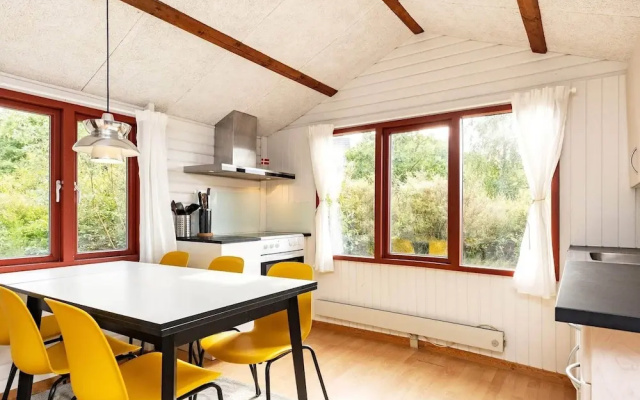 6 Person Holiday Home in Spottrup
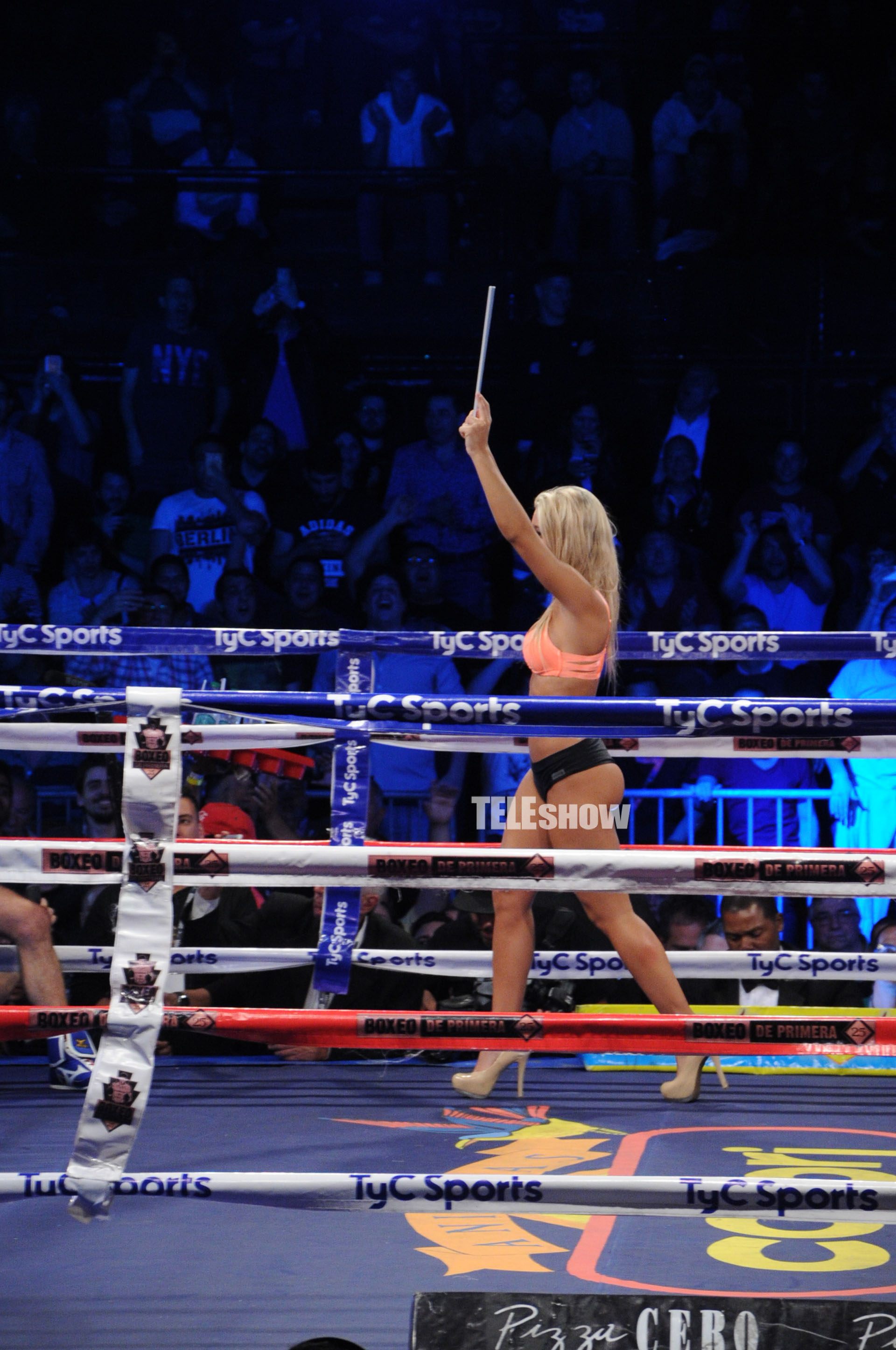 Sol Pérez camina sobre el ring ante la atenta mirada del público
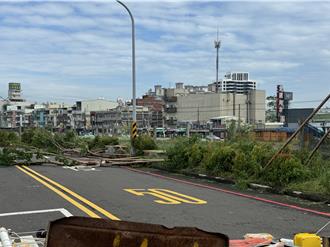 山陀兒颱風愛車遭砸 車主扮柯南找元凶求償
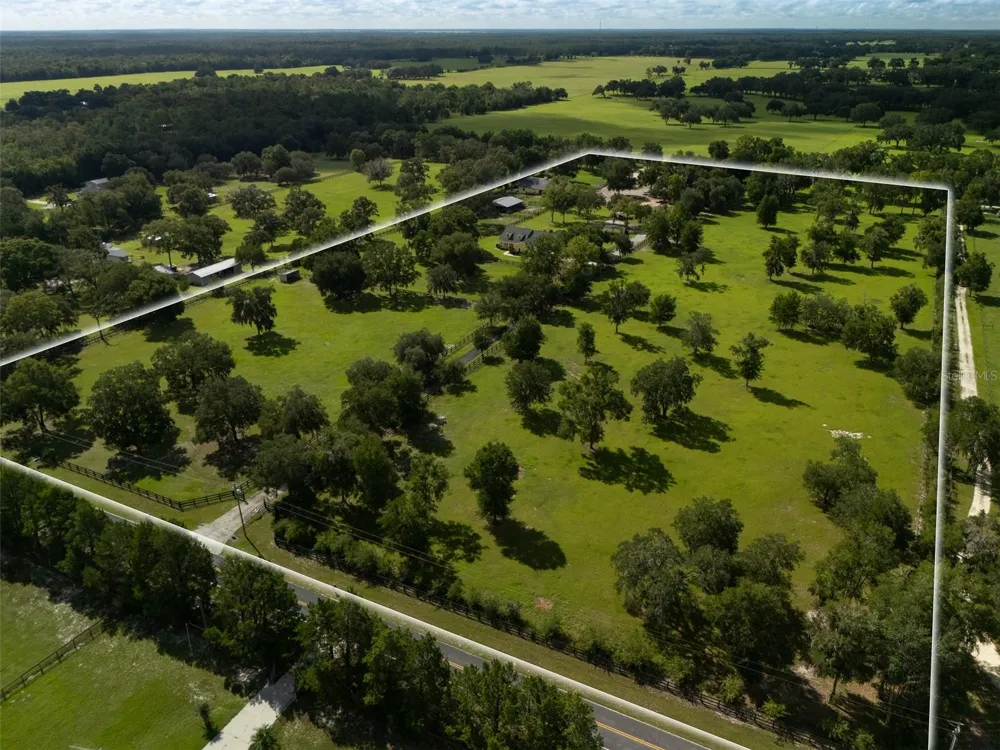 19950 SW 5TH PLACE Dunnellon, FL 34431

PROBLEM TO SOLVE> All the lines above should be reproduced exactly, and none of the pictures.

RESULT OF THE TASK>
 6 Person Holiday Home in Spottrup
 Sol Pérez camina sobre el ring ante la atenta mirada del público
 山陀兒颱風愛車遭砸 車主扮柯南找元凶求償
 19950 SW 5TH PLACE Dunnellon, FL 34431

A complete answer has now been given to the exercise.